Electricity throughout Russia is 220 volt/50 hz. The plug is the two-pin thin European standard. Be sure to bring your own converter as most places in Russia do not have a supply of them.
Arrival and Departure Formalities
A signed, valid passport that will remain valid for at least 6 months beyond the completion of your trip is a requirement. Your passport must have enough blank pages (excluding amendment pages) available for entry and exit stamps issued when entering and exiting immigration points.
Visas are required for most nationalities and you are strongly advised to check your status with your nearest Russian embassy allowing plenty of time for visa application.
You are expected to carry identification in Russia at all times and visitors can be stopped by police and asked to show their ID and fined or even arrested if unable to produce it. You are advised to carry your passport safely hidden under your outer garments, ideally in a money belt or similar, and also to carry several separate photocopies of your passport. You are also advised to carry your hotel guest card with you.
Pedestrians do NOT have the right-of-way in Russia. In many Russian cities traffic is very intense, so never cross the roads without using special pedestrian passages. Even if you see green man lit up at the traffic light – make sure that all cars have stopped before you start to move.

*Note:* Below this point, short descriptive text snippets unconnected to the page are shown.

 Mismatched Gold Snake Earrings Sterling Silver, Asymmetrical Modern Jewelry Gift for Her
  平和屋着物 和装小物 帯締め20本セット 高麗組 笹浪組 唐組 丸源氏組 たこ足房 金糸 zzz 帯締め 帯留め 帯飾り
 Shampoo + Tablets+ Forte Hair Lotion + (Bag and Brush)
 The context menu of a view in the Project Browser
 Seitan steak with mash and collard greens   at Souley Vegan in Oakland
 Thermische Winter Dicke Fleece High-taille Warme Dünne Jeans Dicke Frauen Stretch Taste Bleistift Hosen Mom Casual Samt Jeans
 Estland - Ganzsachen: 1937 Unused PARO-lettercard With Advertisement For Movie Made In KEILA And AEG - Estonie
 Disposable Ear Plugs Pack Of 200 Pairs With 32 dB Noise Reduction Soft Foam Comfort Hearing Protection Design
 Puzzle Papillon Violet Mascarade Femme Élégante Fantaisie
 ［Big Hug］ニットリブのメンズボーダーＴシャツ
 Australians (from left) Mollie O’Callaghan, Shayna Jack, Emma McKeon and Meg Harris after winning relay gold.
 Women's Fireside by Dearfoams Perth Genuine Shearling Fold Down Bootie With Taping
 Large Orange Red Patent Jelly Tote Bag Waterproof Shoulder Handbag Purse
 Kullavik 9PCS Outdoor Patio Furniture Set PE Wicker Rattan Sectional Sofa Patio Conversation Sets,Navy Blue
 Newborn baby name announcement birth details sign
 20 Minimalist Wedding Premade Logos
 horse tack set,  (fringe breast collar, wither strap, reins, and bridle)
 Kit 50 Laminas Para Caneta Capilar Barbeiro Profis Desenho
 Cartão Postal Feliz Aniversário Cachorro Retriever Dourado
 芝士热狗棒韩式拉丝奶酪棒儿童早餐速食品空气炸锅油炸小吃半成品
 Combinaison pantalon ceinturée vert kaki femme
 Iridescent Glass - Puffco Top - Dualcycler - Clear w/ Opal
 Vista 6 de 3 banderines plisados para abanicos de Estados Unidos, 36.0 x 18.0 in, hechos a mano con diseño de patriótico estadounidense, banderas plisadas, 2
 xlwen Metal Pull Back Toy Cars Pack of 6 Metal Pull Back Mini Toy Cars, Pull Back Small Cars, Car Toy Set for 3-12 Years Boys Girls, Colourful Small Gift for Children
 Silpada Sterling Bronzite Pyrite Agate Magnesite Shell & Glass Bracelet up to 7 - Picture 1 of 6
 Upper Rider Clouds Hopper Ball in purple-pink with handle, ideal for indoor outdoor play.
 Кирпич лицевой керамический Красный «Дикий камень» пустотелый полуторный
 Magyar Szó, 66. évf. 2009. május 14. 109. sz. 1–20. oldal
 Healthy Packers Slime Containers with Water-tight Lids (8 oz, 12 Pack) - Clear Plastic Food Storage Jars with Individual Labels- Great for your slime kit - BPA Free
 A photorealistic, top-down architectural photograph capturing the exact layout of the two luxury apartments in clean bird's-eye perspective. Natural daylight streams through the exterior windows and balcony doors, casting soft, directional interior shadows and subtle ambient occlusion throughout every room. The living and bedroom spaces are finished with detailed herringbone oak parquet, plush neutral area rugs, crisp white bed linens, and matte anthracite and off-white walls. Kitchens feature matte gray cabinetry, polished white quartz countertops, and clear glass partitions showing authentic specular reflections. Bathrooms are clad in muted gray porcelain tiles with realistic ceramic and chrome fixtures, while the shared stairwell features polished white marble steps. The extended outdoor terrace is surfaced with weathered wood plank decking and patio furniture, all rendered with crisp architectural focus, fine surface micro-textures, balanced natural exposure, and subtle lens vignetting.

Pick-pocketing is common in crowded areas and at busy junctions. Exercise caution and keep all valuables close to you, ideally inside your outer garments inside a money belt.
In Russia, taxi fees are usually negotiated with the driver ahead of time. Do not use gypsy cabs or accept rides in cabs that already have a rider.
Despite the recent rapid improvements in the telecommunications infrastructure, telephoning in Russia can be difficult and expensive. Best bet is to use the phone at your hotel or use AT&T, Sprint or MCI's USA direct services. Tokens are required for street pay phones, which can be purchased at newsstands, in some stores, and many kiosks.